# Data supplied:
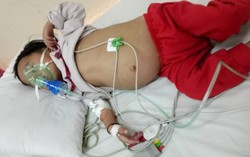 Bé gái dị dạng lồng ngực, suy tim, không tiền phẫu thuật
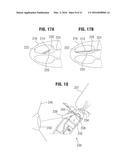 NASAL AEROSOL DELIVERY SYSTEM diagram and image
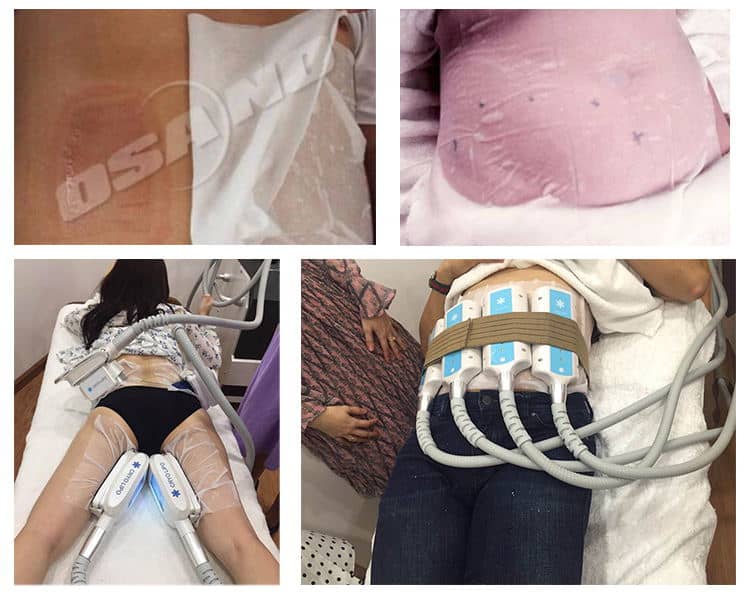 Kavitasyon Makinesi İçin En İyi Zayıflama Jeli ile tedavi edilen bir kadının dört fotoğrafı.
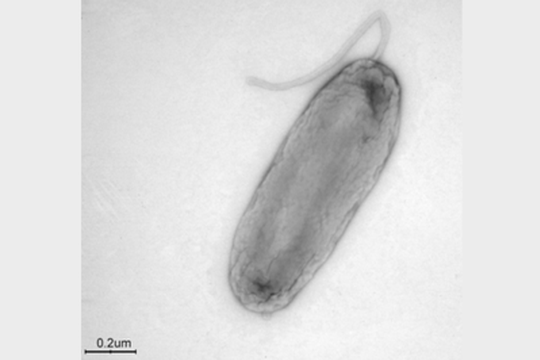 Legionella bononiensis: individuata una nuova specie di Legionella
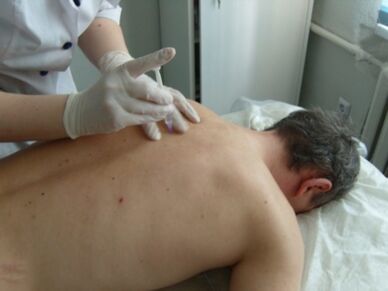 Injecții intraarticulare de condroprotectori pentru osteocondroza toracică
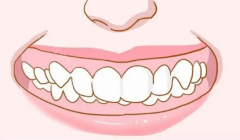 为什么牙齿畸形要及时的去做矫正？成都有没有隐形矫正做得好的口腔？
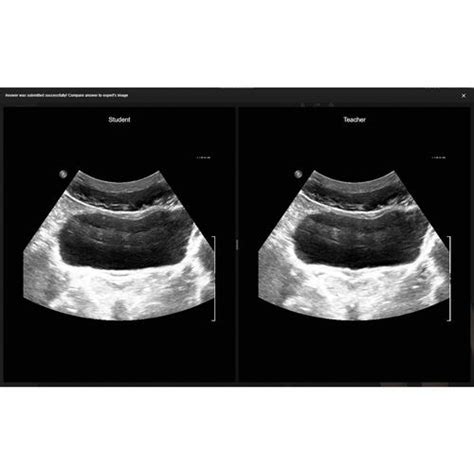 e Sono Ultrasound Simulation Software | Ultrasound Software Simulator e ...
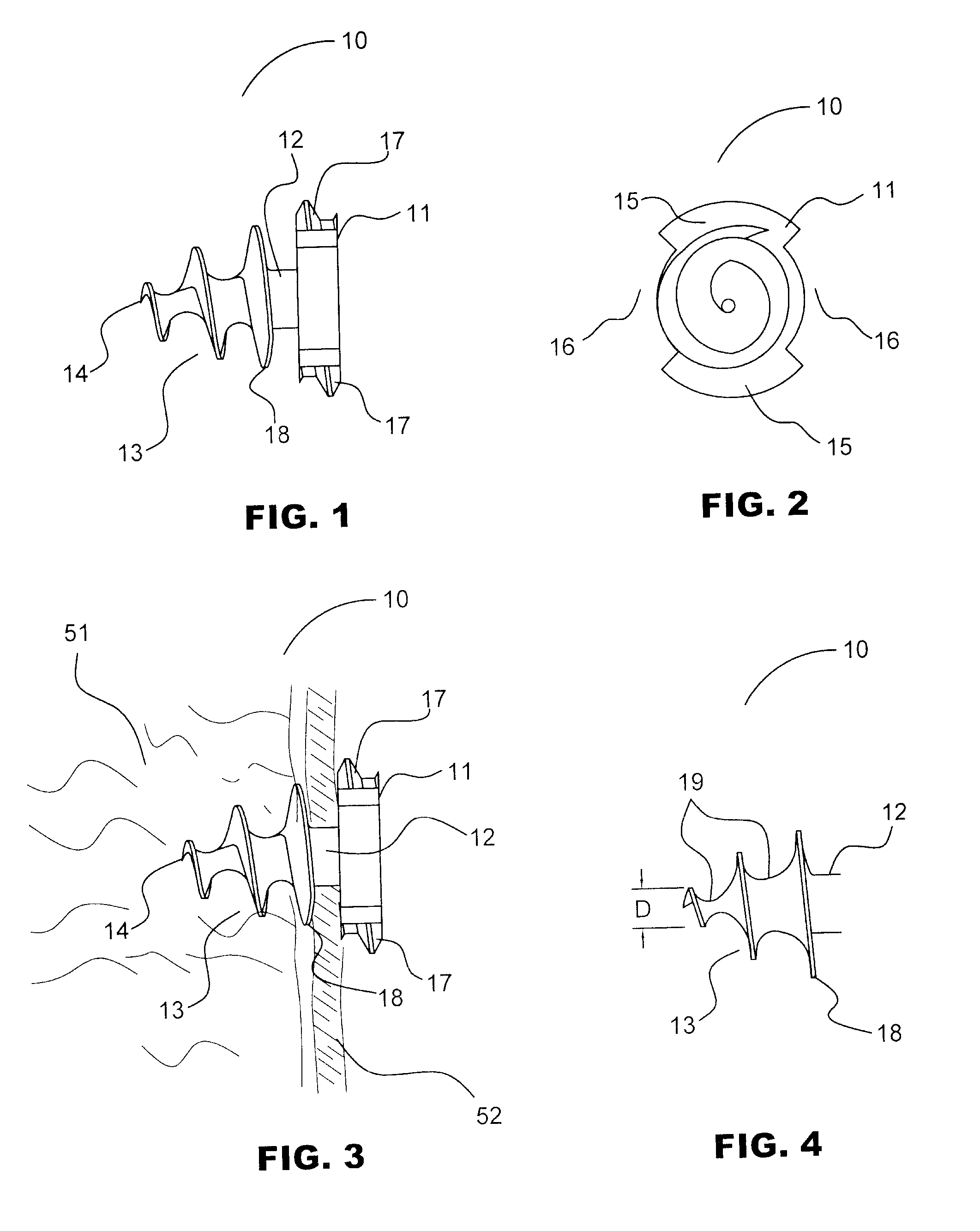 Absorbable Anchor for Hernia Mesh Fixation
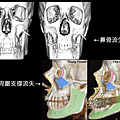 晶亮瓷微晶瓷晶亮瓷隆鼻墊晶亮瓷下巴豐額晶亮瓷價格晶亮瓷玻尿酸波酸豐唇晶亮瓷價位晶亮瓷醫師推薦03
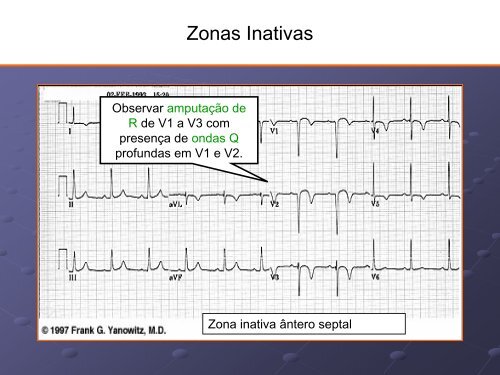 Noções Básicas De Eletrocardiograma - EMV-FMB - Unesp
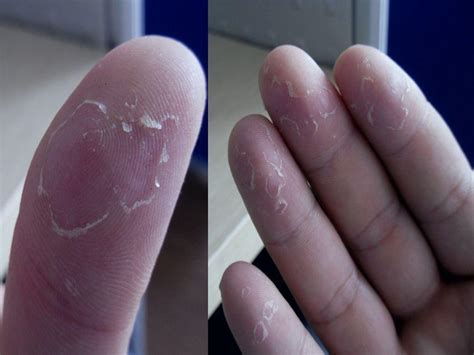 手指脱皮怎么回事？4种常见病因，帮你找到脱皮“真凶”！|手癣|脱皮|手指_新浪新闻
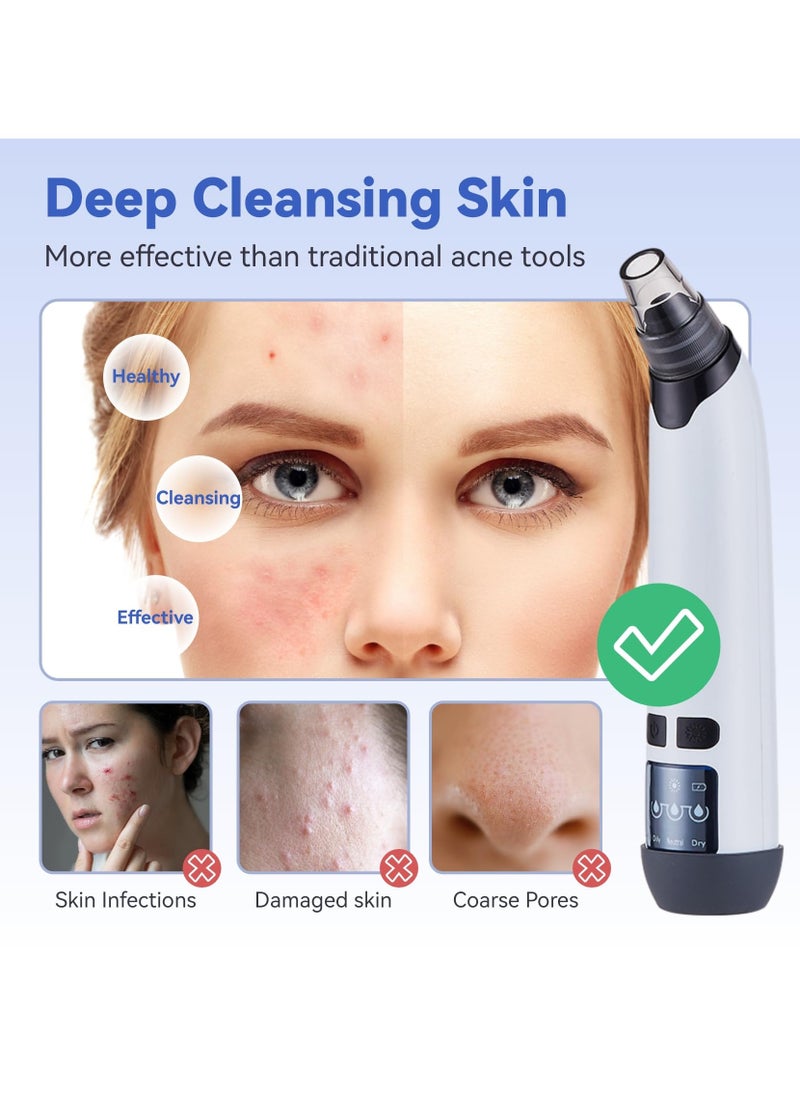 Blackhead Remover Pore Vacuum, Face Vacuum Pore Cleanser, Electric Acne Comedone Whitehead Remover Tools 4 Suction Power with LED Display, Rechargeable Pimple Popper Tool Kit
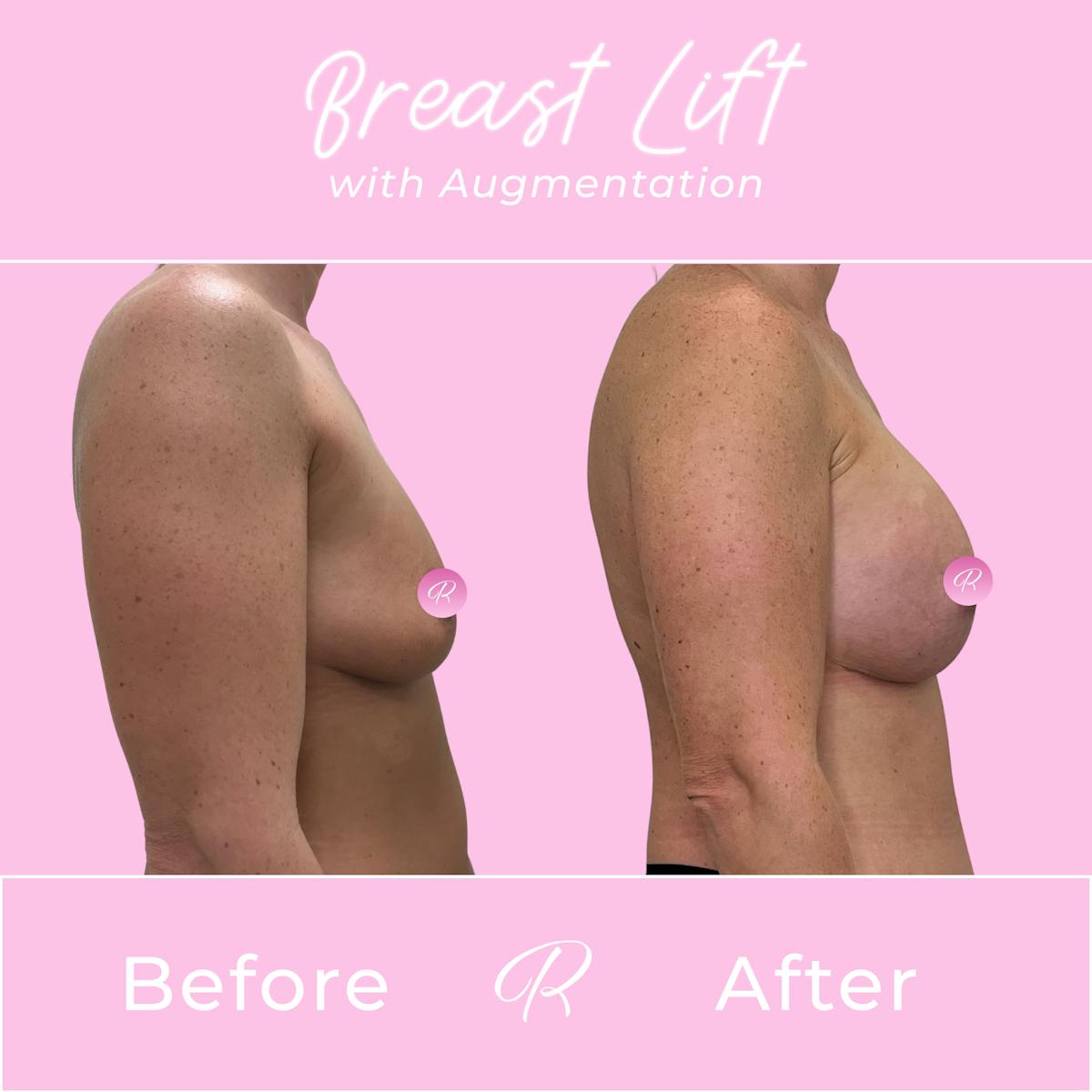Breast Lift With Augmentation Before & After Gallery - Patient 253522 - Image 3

# Work request:
Leave the images out and transcribe the rest of the material exactly.

# Answer below:
 Bé gái dị dạng lồng ngực, suy tim, không tiền phẫu thuật
 NASAL AEROSOL DELIVERY SYSTEM diagram and image
 Kavitasyon Makinesi İçin En İyi Zayıflama Jeli ile tedavi edilen bir kadının dört fotoğrafı.
 Legionella bononiensis: individuata una nuova specie di Legionella
 Injecții intraarticulare de condroprotectori pentru osteocondroza toracică
 为什么牙齿畸形要及时的去做矫正？成都有没有隐形矫正做得好的口腔？
 e Sono Ultrasound Simulation Software | Ultrasound Software Simulator e ...
 Absorbable Anchor for Hernia Mesh Fixation
 晶亮瓷微晶瓷晶亮瓷隆鼻墊晶亮瓷下巴豐額晶亮瓷價格晶亮瓷玻尿酸波酸豐唇晶亮瓷價位晶亮瓷醫師推薦03
 Noções Básicas De Eletrocardiograma - EMV-FMB - Unesp
 手指脱皮怎么回事？4种常见病因，帮你找到脱皮“真凶”！|手癣|脱皮|手指_新浪新闻
 Blackhead Remover Pore Vacuum, Face Vacuum Pore Cleanser, Electric Acne Comedone Whitehead Remover Tools 4 Suction Power with LED Display, Rechargeable Pimple Popper Tool Kit
Breast Lift With Augmentation Before & After Gallery - Patient 253522 - Image 3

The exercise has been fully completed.